Go to the line holding "Here we have" in the data below and repeat it exactly, then each line after it up to and including the one holding "AB and CD are". Omit pictures.

Supplied records
..........

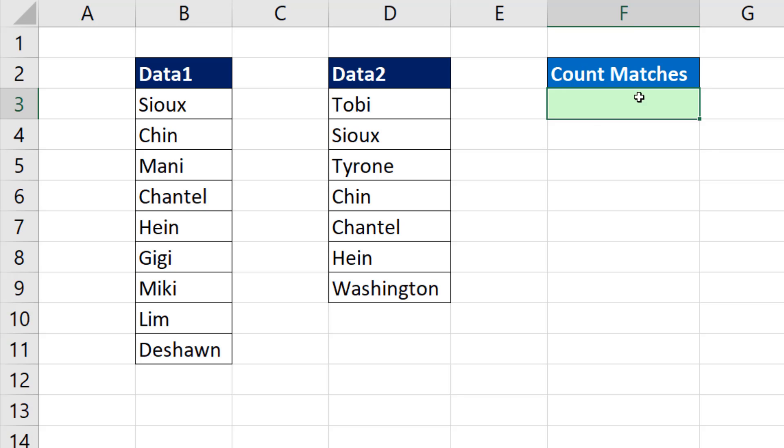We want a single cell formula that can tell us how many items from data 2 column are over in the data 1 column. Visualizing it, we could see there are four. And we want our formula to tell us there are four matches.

..........

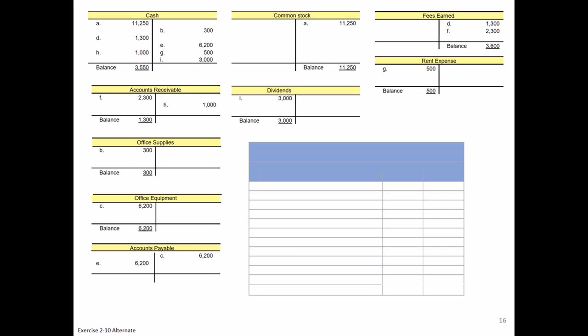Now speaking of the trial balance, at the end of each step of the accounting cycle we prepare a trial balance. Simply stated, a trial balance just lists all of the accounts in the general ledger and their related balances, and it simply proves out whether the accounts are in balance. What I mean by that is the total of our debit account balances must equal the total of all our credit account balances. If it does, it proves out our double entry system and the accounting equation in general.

..........

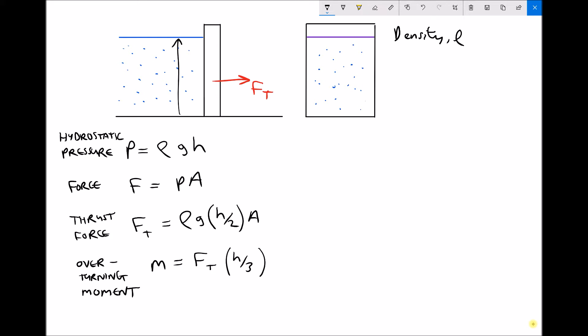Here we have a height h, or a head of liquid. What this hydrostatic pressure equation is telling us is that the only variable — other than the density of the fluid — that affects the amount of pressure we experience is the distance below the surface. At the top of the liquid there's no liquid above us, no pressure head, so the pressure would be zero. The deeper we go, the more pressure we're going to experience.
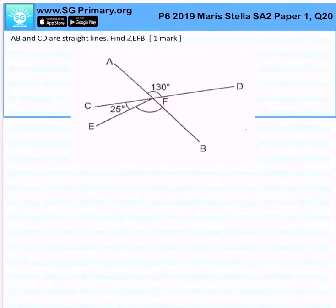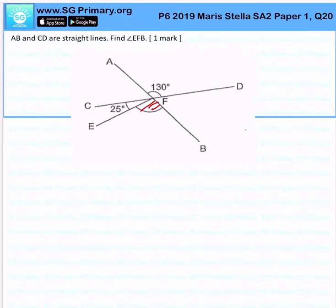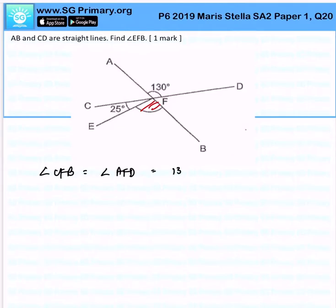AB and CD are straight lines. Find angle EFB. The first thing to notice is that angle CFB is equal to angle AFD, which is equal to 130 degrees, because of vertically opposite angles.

..........

The completed task
Here we have a height h, or a head of liquid. What this hydrostatic pressure equation is telling us is that the only variable — other than the density of the fluid — that affects the amount of pressure we experience is the distance below the surface. At the top of the liquid there's no liquid above us, no pressure head, so the pressure would be zero. The deeper we go, the more pressure we're going to experience.
AB and CD are straight lines. Find angle EFB. The first thing to notice is that angle CFB is equal to angle AFD, which is equal to 130 degrees, because of vertically opposite angles.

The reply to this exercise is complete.